◆ Required action: The output must match the lines from the first line of the listing below through the line holding "It's kind of" exactly and must contain no pictures.

◆ Provided material:
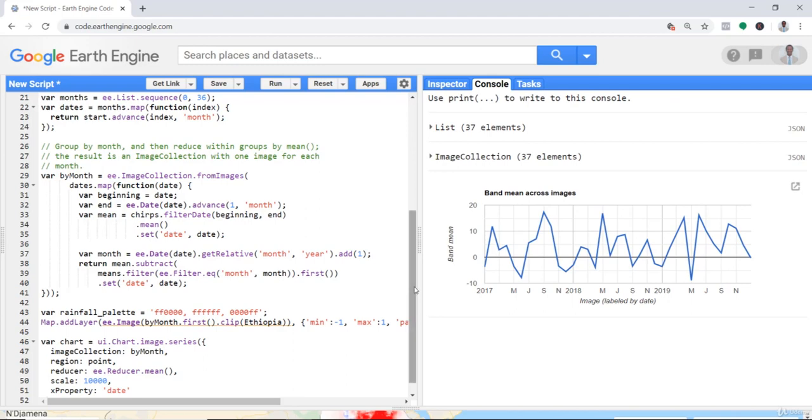This is a typical anomaly time series that you can create using built-in functions on Earth Engine and precipitation data to understand and evaluate drought conditions in a certain region.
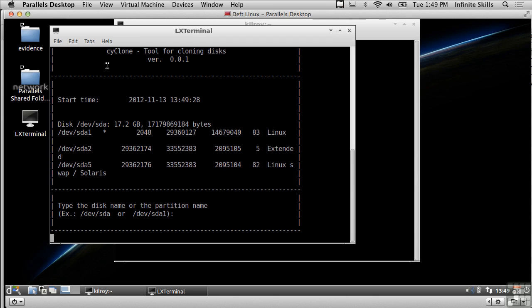It's kind of a curses interface so right now it's presented me the hard drives that are installed here and all I have to do is type the disk name or the partition name that I want to clone and it will go off and do the cloning for me.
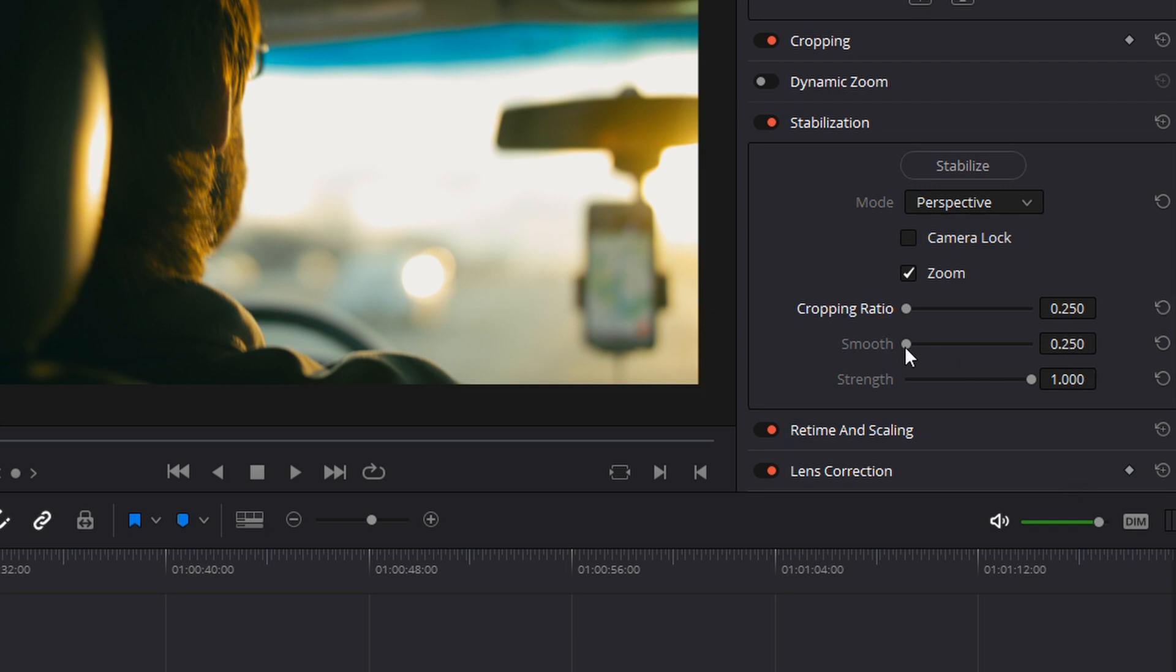Smooth determines how smooth we want those camera movements to be. Now remember we're not removing all of the handheld movements from the shot. We're simply going to be smoothing them out. So I'm going to leave it here for default to see what kind of look we get so far, and then we can adjust it if we need to later.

◆ Expected answer:
This is a typical anomaly time series that you can create using built-in functions on Earth Engine and precipitation data to understand and evaluate drought conditions in a certain region.
It's kind of a curses interface so right now it's presented me the hard drives that are installed here and all I have to do is type the disk name or the partition name that I want to clone and it will go off and do the cloning for me.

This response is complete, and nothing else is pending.